■ Exercise requirements: The range to repeat runs from the line with "2 Pcs For OPPO" to the last line below, both ends included; give it exactly and without pictures.

■ Extracted records:
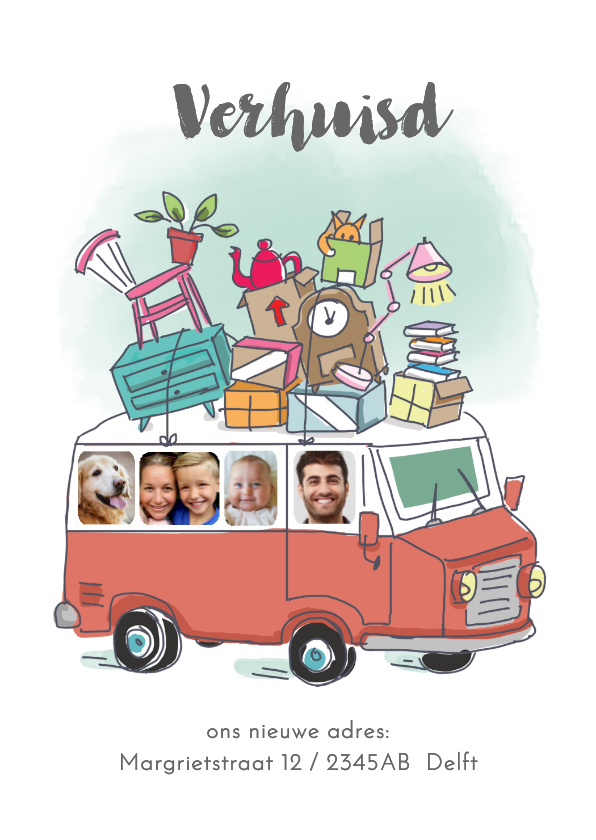 Verhuiskaart met oldtimer bus en foto's - Verhuiskaarten Verhuiskaarten - Verhuiskaart met oldtimer bus en foto's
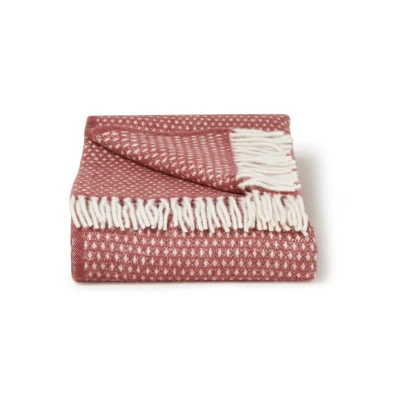 Afbeelding van Klippan Knut Plaid deken van lamswol 130 x 200 cm Kersenrood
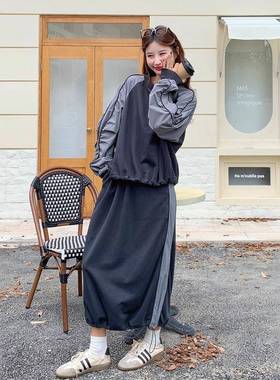 灰色撞拼接卫衣套装裙女秋D034-6832色上025季新款韩系休闲衣半身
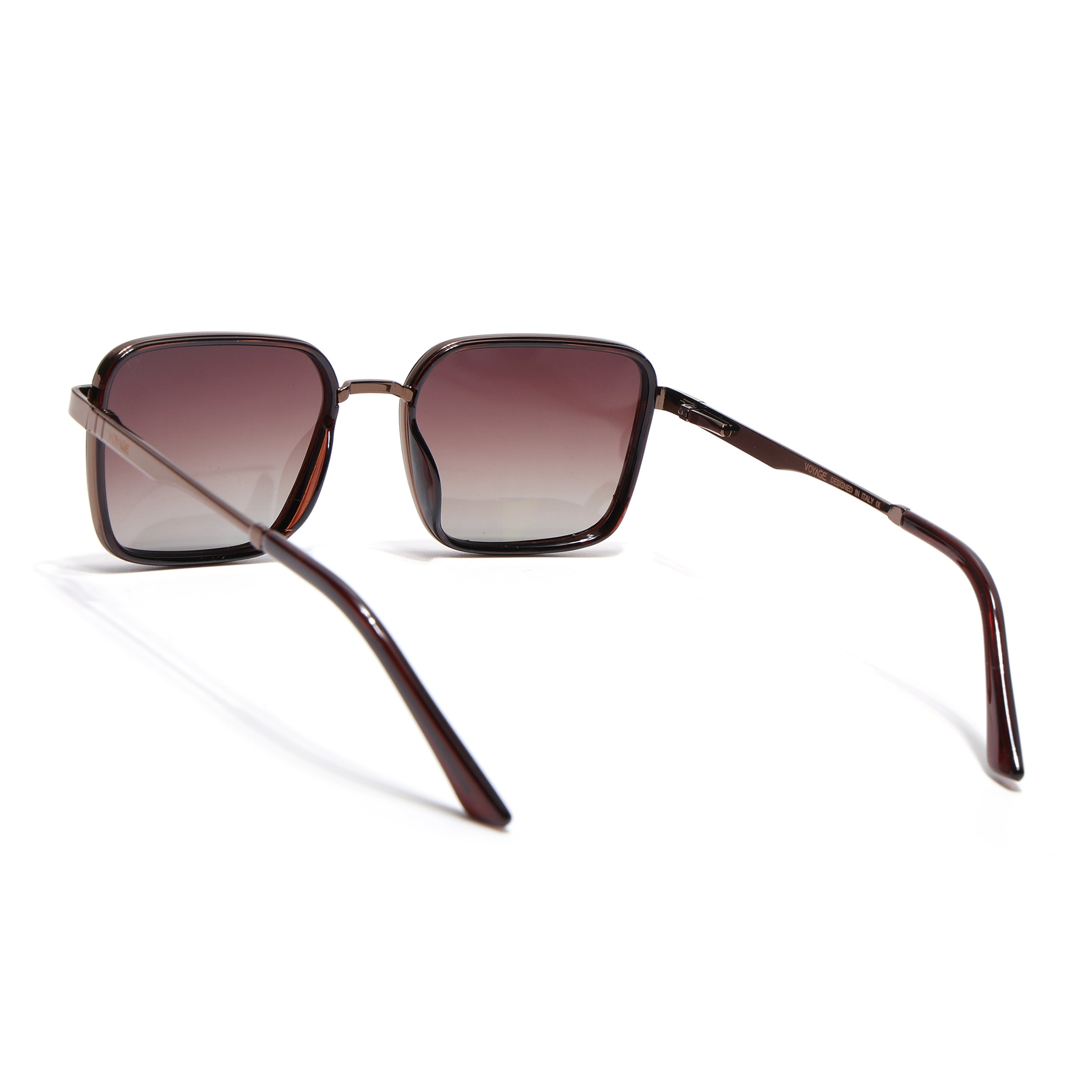 Square Polarized Sunglasses for Men & Women (Brown & Clear Lens | Brown & Black Frame - VOYLB06-C3)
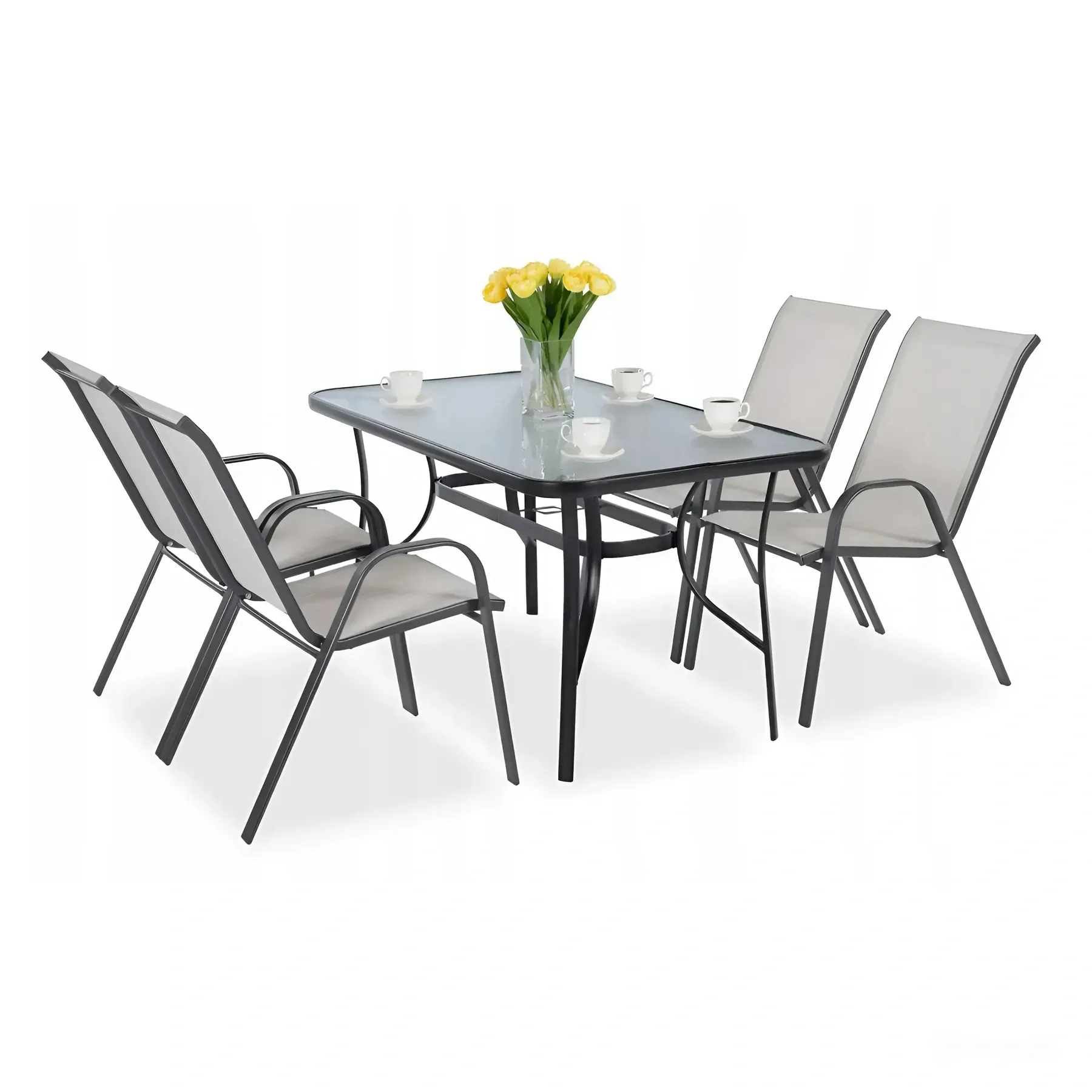 Комплект садових меблів 4Points Milano-4 прямокутний стіл та 4 стільця 150х90 см Сірий - фото 1 Комплект садових меблів 4Points Milano-4 прямокутний стіл та 4 стільця 150х90 см Сірий - фото 1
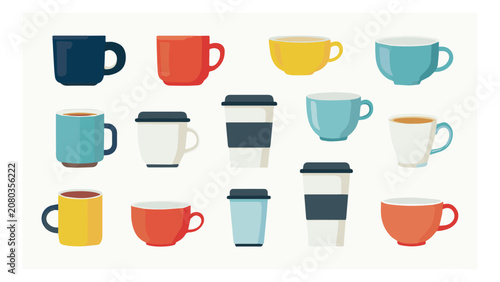 Collection of colorful ceramic and paper coffee cups with lids in various shapes and shades for breakfast and beverage consumption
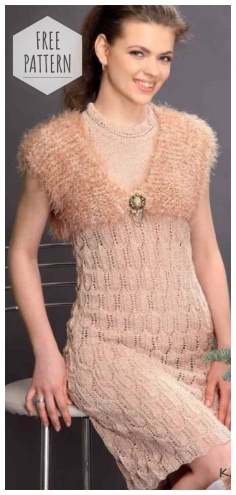 dress and bolero with knitting needles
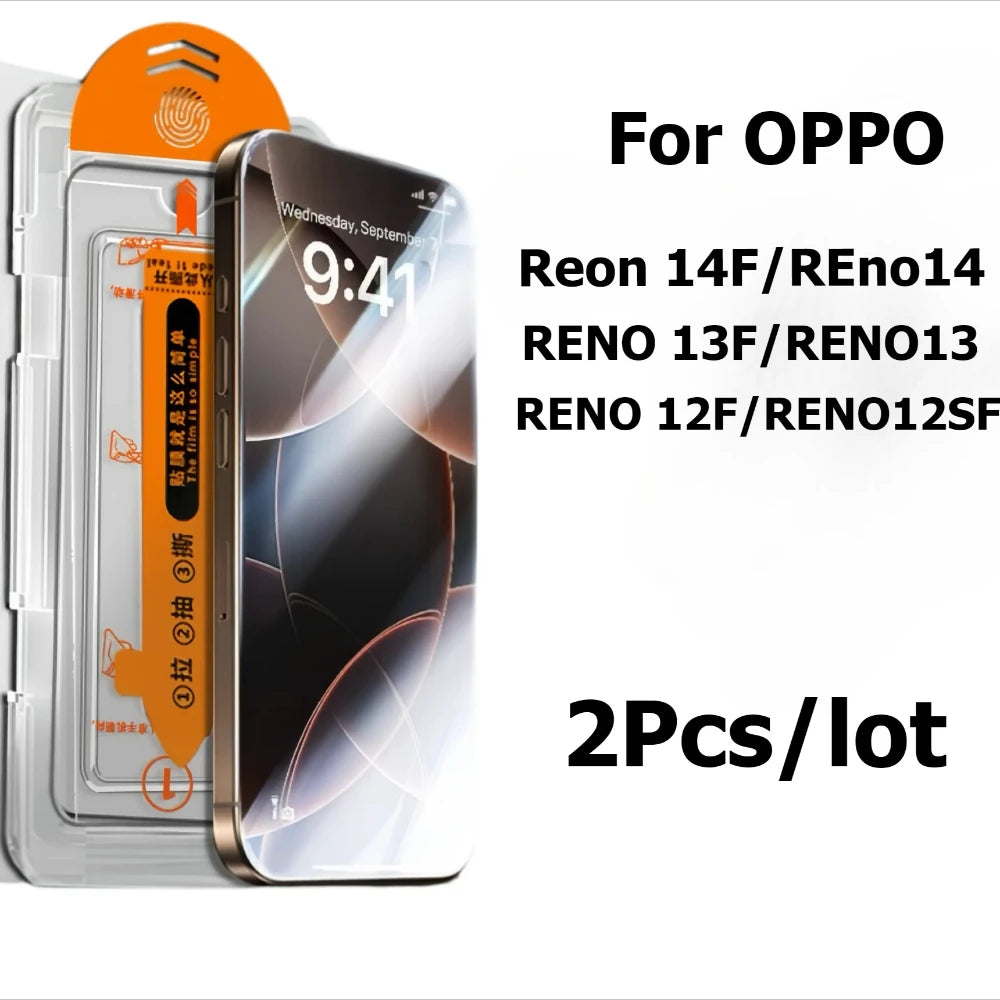 2 Pcs For OPPO RENO 14F 14 Pro 13 S F 12F Phone Screen Protector Film Tempered Glass Dust-Free Easy Installation
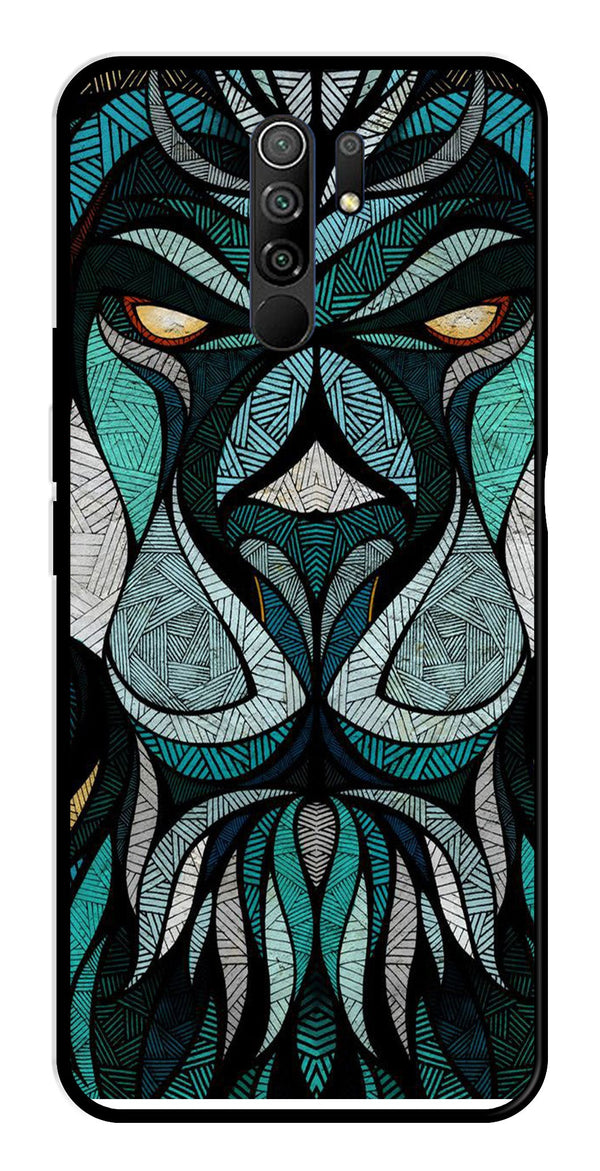 Lion Pattern Metal Mobile Case for Redmi 9 Prime   (Design No -40)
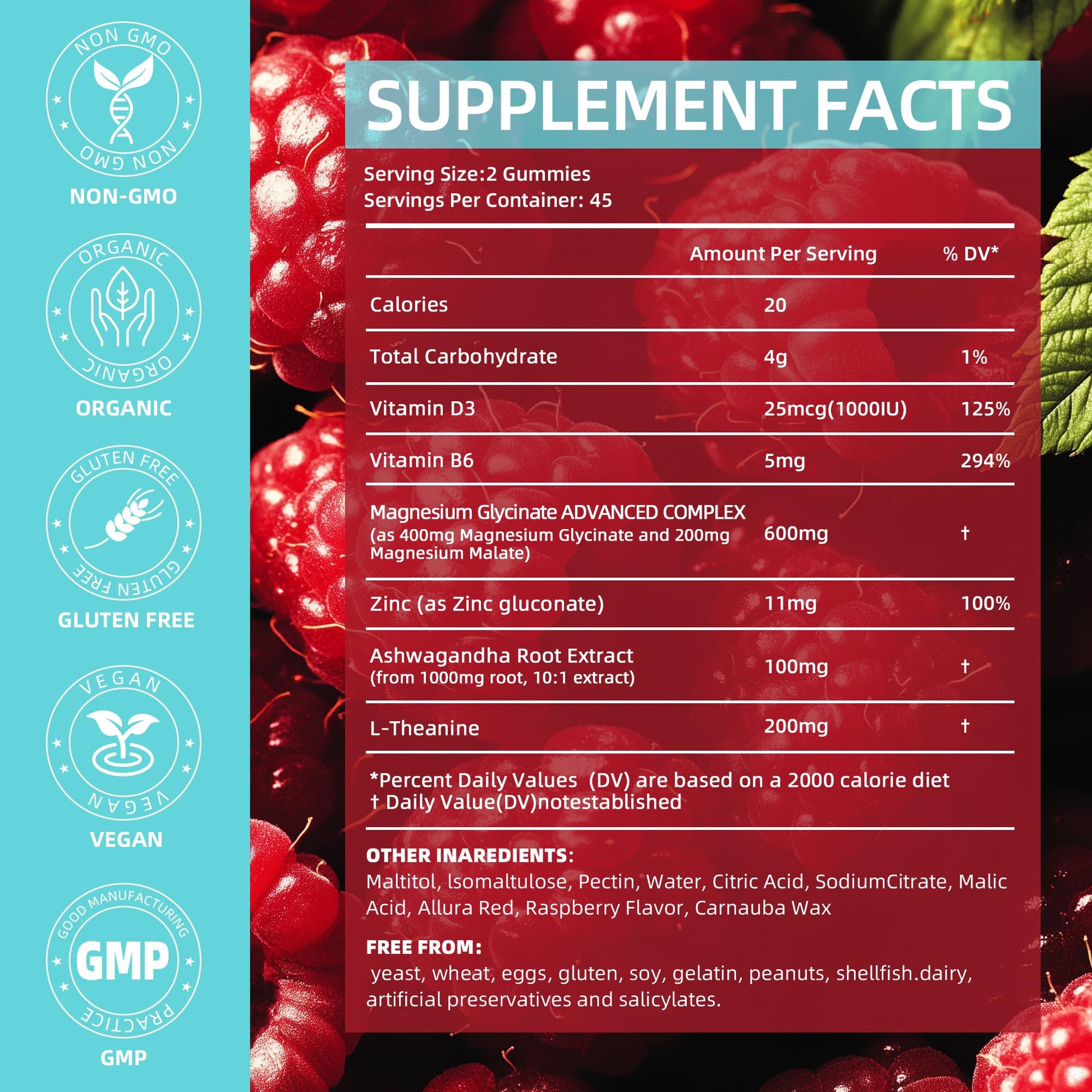 90 Count Magnesium Glycinate Gummies 400 mg - Sugar Free Magnesium Supplement for Adults with Glycinate & Malate, L-Theanine, Ashwagandha, Zinc, Vitamin B6 & D3, Supports Relaxation & Sleep AFXMATE uk supplements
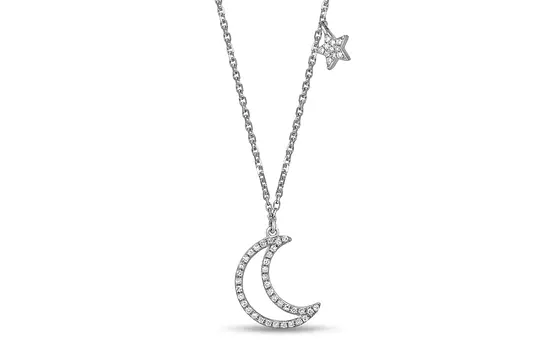 borrow moon and diamond star pendant for women online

■ Exercise result:
 2 Pcs For OPPO RENO 14F 14 Pro 13 S F 12F Phone Screen Protector Film Tempered Glass Dust-Free Easy Installation
 Lion Pattern Metal Mobile Case for Redmi 9 Prime   (Design No -40)
 90 Count Magnesium Glycinate Gummies 400 mg - Sugar Free Magnesium Supplement for Adults with Glycinate & Malate, L-Theanine, Ashwagandha, Zinc, Vitamin B6 & D3, Supports Relaxation & Sleep AFXMATE uk supplements
 borrow moon and diamond star pendant for women online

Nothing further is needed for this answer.